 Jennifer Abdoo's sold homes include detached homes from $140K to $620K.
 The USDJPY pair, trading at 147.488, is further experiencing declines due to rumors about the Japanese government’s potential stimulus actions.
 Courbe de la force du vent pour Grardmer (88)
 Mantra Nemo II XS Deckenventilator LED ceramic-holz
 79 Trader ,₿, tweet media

..............................

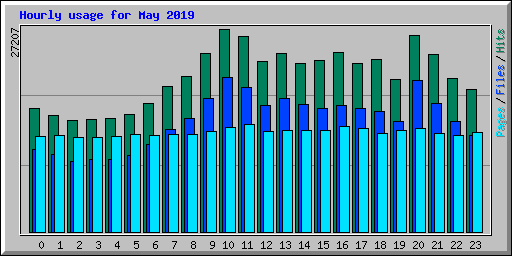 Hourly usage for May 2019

..............................

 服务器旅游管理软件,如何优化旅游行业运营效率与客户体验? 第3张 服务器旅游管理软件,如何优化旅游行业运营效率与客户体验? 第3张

..............................

WORK ORDER — Everything above from the line containing "Mantra Nemo II" down to the line containing "79 Trader ,₿, tweet media" should be copied exactly, both end lines included, and nothing else.

ANSWER TO THE PROBLEM —
 Mantra Nemo II XS Deckenventilator LED ceramic-holz
 79 Trader ,₿, tweet media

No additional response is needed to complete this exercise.